What to produce:
For this exercise, output the entries below exactly from the line that holds "Poster de Episódio The Honeymooners (2025)" to the line that holds "MADMIA - Mermaid Vibes Socks - Kids", both ends included. No pictures belong in the copy.

Data in this exercise:
/---
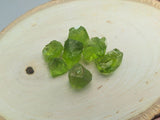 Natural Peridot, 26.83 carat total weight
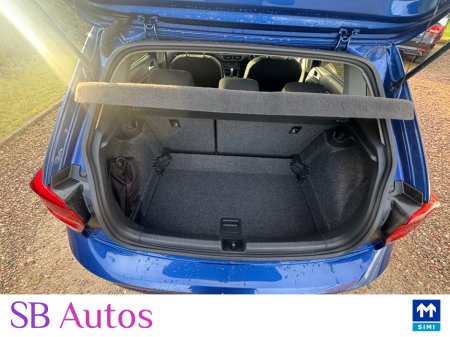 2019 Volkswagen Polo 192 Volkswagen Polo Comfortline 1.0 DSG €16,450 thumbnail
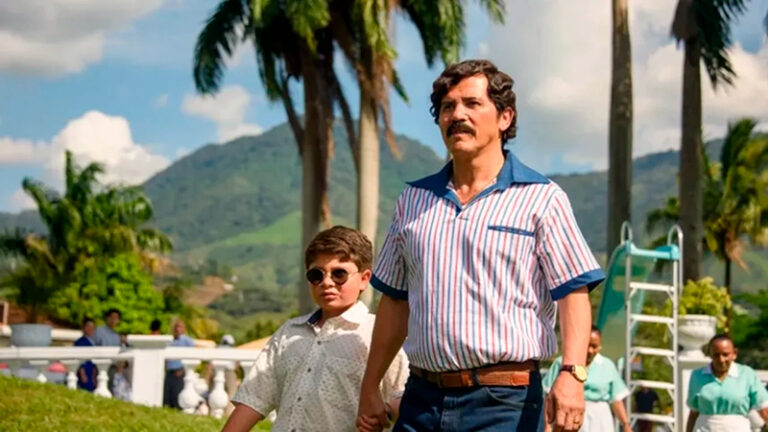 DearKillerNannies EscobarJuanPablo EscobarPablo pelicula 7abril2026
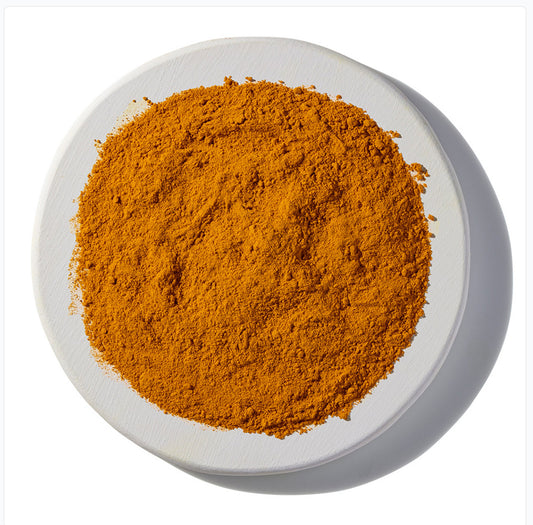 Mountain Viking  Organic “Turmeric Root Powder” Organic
\---
/---
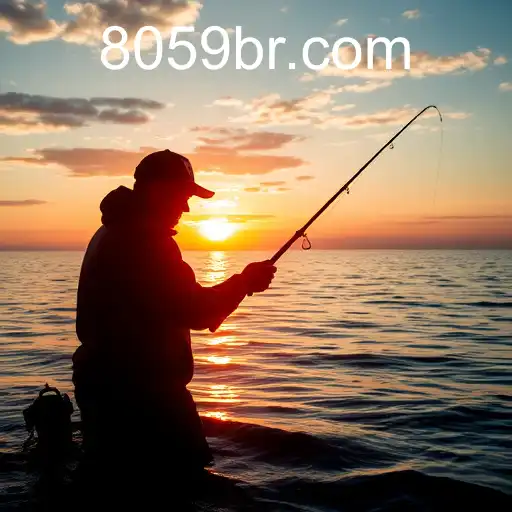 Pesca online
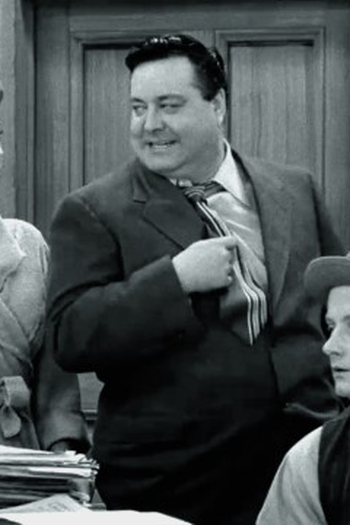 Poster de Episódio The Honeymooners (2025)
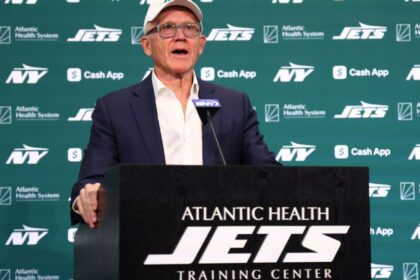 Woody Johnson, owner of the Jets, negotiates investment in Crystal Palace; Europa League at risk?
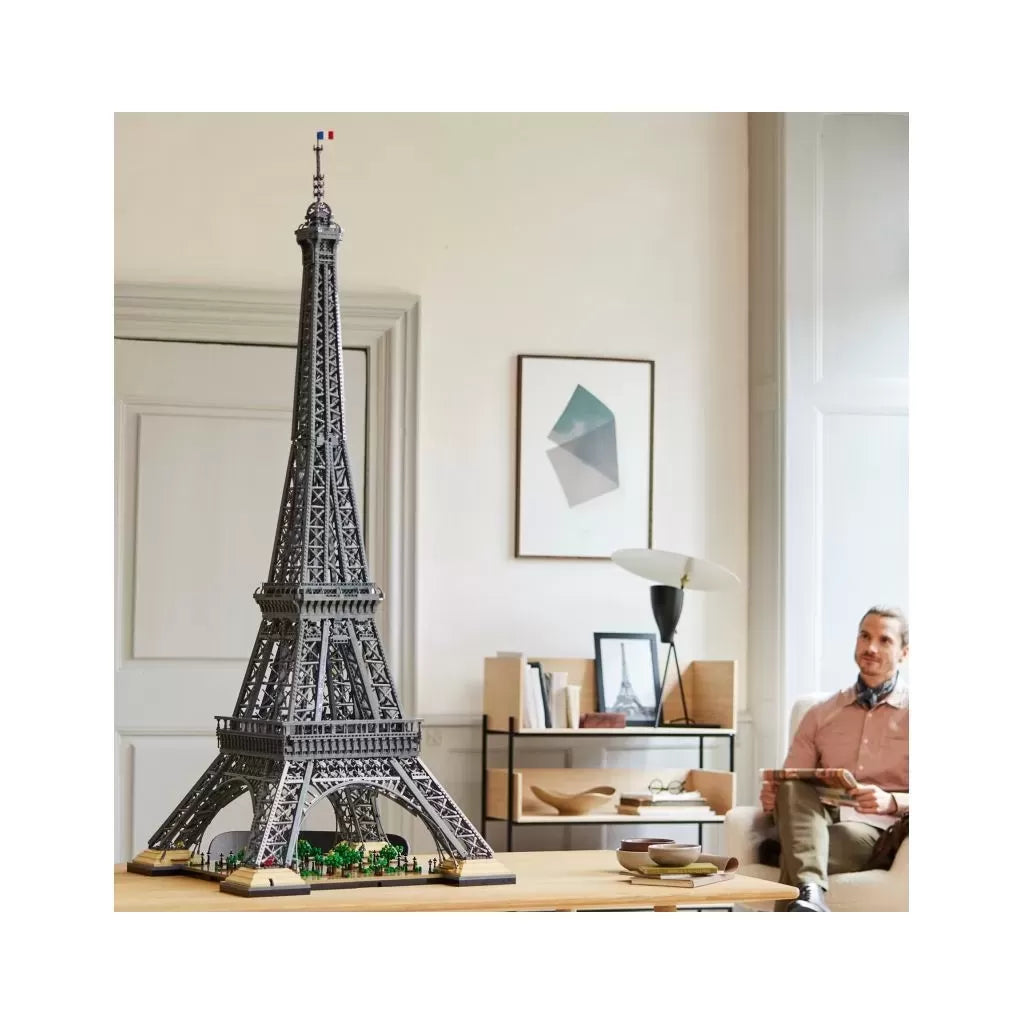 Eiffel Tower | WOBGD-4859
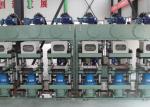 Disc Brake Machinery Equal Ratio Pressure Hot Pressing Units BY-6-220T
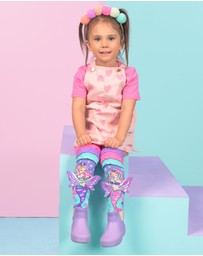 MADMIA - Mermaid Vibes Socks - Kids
\---
Exercise response:
 Poster de Episódio The Honeymooners (2025)
 Woody Johnson, owner of the Jets, negotiates investment in Crystal Palace; Europa League at risk?
 Eiffel Tower | WOBGD-4859
 Disc Brake Machinery Equal Ratio Pressure Hot Pressing Units BY-6-220T
 MADMIA - Mermaid Vibes Socks - Kids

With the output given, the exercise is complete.